Benoît
Hamon, notre nouveau ministre de l’Éducation Nationale a dit vouloir s’inscrire
dans la continuité de son prédécesseur en tâchant de faire aussi bien que lui.
Je comprends que les enseignants ou parents d’élèves ayant commencé à faire les
frais de la réforme Peillon soient inquiets. Mais pouvait-il dire autre
chose ?
Je
préfère retenir sa volonté annoncée de faire en sorte "qu'il n'y ait pas d'ordre social immuable, que personne ne soit assigné à résidence sociale et que toutes les familles puissent avoir la chance d'offrir à leurs enfants les conditions optimales de réussite."
Je vais donc faire comme si j'étais beaucoup plus jeune et prête à croire les intentions d'un homme politique. Notre ministre souhaite que l’école permette à
chacun, quelle que soit son origine sociale, de réussir. Au passage, je
remarque tout de même qu’il dit réussir et non pas s’instruire. Mais ne
pinaillons pas.
Il
y aurait donc de quoi être optimiste. Compte tenu de l’état de la recherche,
des données probantes disponibles à tout un chacun, personne ne peut ignorer l’existence
de méthodes pédagogiques efficaces, y compris pour les élèves issus de milieux
culturellement défavorisés. Il suffirait ainsi de les faire connaître aux
enseignants, et de former ceux-ci à leur pratique. Une bonne formation initiale
mais aussi continue et hop, en route vers une école plus juste.
C’est
ici qu’intervient l’Enseignement Explicite, qui fait partie des méthodes
avérées efficaces pour tous. Pourquoi est-ce une méthode plus juste
socialement ? Parce qu’elle ne compte pas sur la culture que l’enfant
possède en dehors de l’école, parce qu’elle ne compte pas sur l’aide éventuelle
de la famille pour faire avancer l’enfant. L’Enseignement Explicite part du
niveau réel de l’enfant et le suit pas à pas en s’assurant que chacune des
étapes est bien acquise. En enseignement explicite l’enfant n’est jamais lâché
devant une tâche complexe, on commence par les notions simples, il est toujours
accompagné par l’enseignant, beaucoup d’abord, puis de moins en moins ;
par conséquent, il n’est jamais tenté de baisser les bras. Il est étroitement
associé à son avancement. Les succès de l’Enseignement Explicite en milieux
défavorisés ont été observés dans les classes. Il a d’ailleurs vu le jour suite
à un questionnement consistant à observer les pratiques des enseignants qui
obtenaient des résultats auprès d’élèves en difficultés. Les données sur le
fonctionnement du cerveau confirment cette efficacité : ainsi les
procédures de l’Enseignement Explicite tiennent compte de l’architecture
cognitive et en particulier des limites de la mémoire de travail, veillant à ne
pas provoquer de surcharge cognitive ; il procède par étapes progressives,
explique clairement et sans ambiguïté fournit une pratique abondante, d’abord
guidée puis autonome, de nombreuses révisions, des corrections immédiates et
raisonnées. Il ne laisse jamais les élèves devant une tâche complexe qu’ils n’ont
pas les moyens cognitifs de résoudre. Tout cela contribue à faire acquérir les
connaissances et habiletés de manière durable.
Par ailleurs, on
ne peut ignorer les conclusions d’une récente revue de recherche ou méga-analyse
menée par Gauthier,
Bissonnette, Richard, Bouchard : c’est une synthèse de 362
recherches menées sur une période de 40 ans concernant plus de 30 000 élèves.

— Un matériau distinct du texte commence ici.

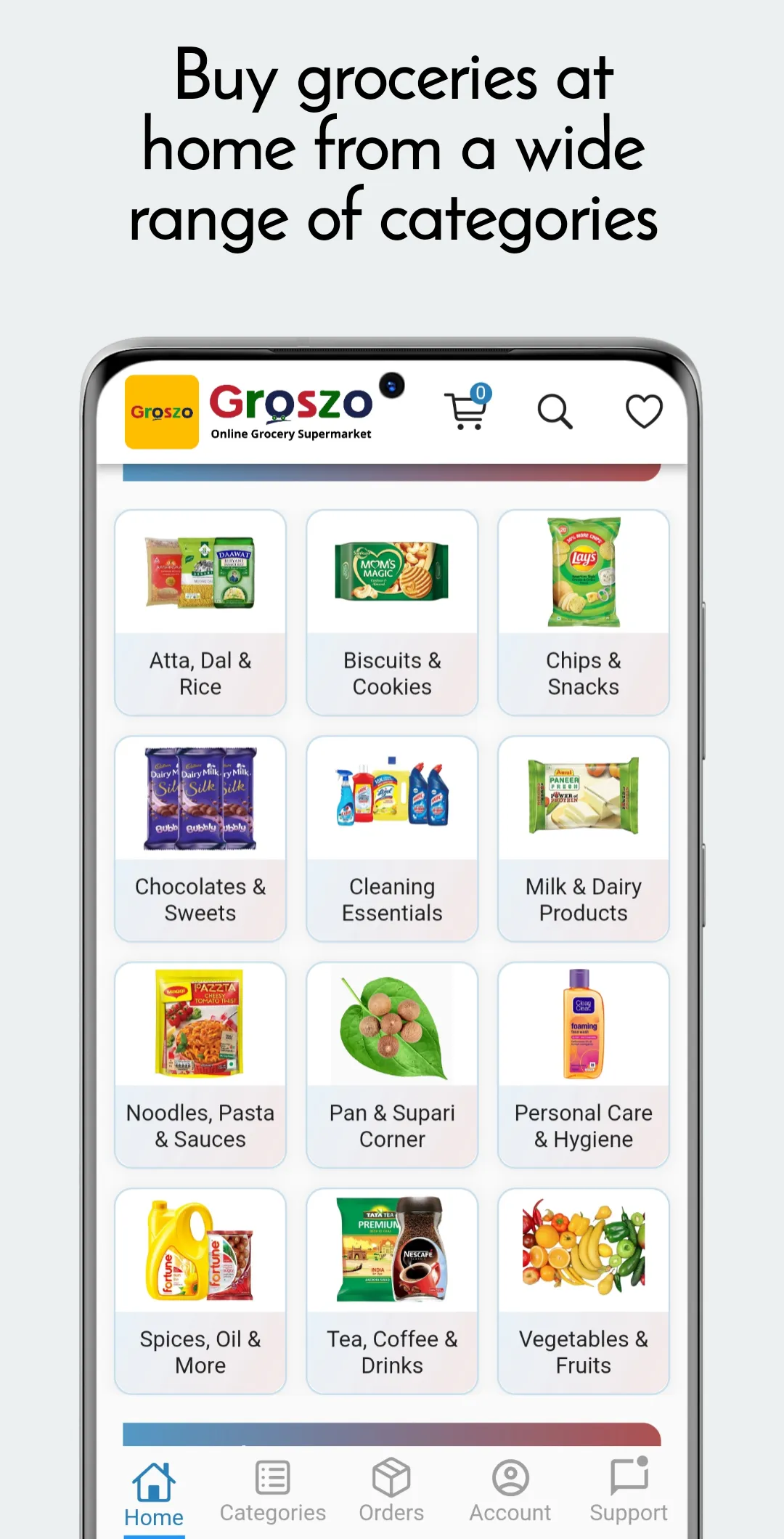 Groszo - Grocery Supermarket | Indus Appstore | Screenshot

La question initiale était : Quelles sont les stratégies d’enseignement
efficaces favorisant les apprentissages fondamentaux auprès des élèves en difficulté
de niveau élémentaire? L’étude conclut que "que les stratégies pédagogiques associables à l’enseignement structuré
et directif sont celles à privilégier auprès des élèves en difficulté et à
risque d’échec." Le constructivisme quant à lui, apparaît dans cette étude
comme ayant des effets inférieurs à ceux attendus pour prétendre à l’efficacité. De fait, c’est une méthode pédagogique extrêmement élitiste par laquelle
seuls les élèves issus de milieux culturellement favorisés ont une chance de
réussir (mais encore faudrait-il se pencher sur la nature profonde de cette
réussite). Le paradoxe qui dure depuis des décennies est que malgré les preuves
accablantes, malgré les déclarations d’intentions et autres mantras, les
méthodes inefficaces issues du constructivisme ont toujours pignon sur rue.
Il
faudrait donc à notre nouveau ministre une volonté profonde de faire changer
les choses associée à une personnalité hors du commun pour résister aux divers
lobbies qui se battent pour l’idéologie constructiviste et contre l’introduction
en éducation des données probantes associées à la notion d’efficacité. Une fois
de plus, let’s wait and see … sans grande illusion néanmoins.